Selon Monsieur Poutine, l’opération militaire spéciale est, en réalité, un conflit entre la Russie et l’OTAN chacun visant la domination mondiale. Quelle est la situation actuelle ?« La Russie a perdu 48.700 soldats, 12 généraux, 2009 chars, 3 navires, 234 avions et 7.500 camions. L’OTAN n’est pas encore arrivé »

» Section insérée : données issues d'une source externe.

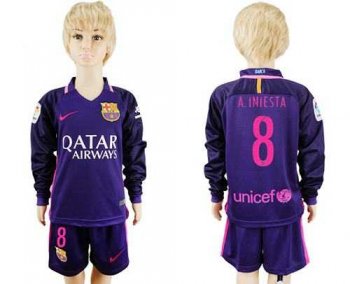 Barcelona #8 A.Iniesta Away Long Sleeves Kid Soccer Club Jersey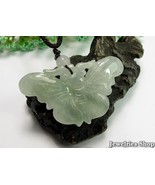 Lovely Natural  Light Green Butterfly Jade charm Pendant - $26.99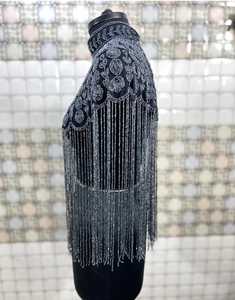 ชุดราตรีผ้าชิฟฟ่อนประดับลูกปัดสุดหรูเสื้อคลุมประดับคริสตัลชุดใส่ไปคลับสวมใส่ได้หลายแบบปักลายระยิบระยับมาก - Product Image 3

Le poète russe Alexandre Pouchkine en écoutant Nicolas Gogol lui lire un passage du roman Les Ames Mortes, à un moment donné, éclate de rire et se met soudain à réfléchir et dit, avec désespoir, « Mon Dieu, notre Russie est si triste » (AAEL-JP-23.07.22). Il y a presque 200 ans mais la Russie est toujours encore plus triste.

 

Car on doit convenir que les pires choses que M. Poutine fait le sont à son propre peuple. Raconter (et obliger, le peuple d’accepter sous risque de prison) que la guerre qu’il a déclenché en Ukraine est une « opération spéciale» : tromper les recrus envoyés au combat lorsqu’ils pensaient qu’ils allaient faire des exercices d’entraînement, les équiper avec des armes datant des années soixante, les laisser chercher de la nourriture pendant les combats, abandonner les corps des morts sur place, ne pas dire à leurs familles qu’ils sont morts, adopter des lois qui empêchent les Russes de découvrir la vérité ou de dire la vérité, arrêter et/ou tuer des dissidents, détruire l’économie russe pour des décennies, faire fuir plus de 4 millions des meilleurs et des plus brillants jeunes Russes, détruire les plans et les rêves d’une génération, tout en se prenant pour Pierre le Grand et se donnant l’objectif de reconstituer l’empire russe de son temps et j’en passe et des pires. Pauvre peuple russe – Pierre le Grand a poussé la Russie vers l’avenir, M. Poutine la pousse vers son plus misérable passé.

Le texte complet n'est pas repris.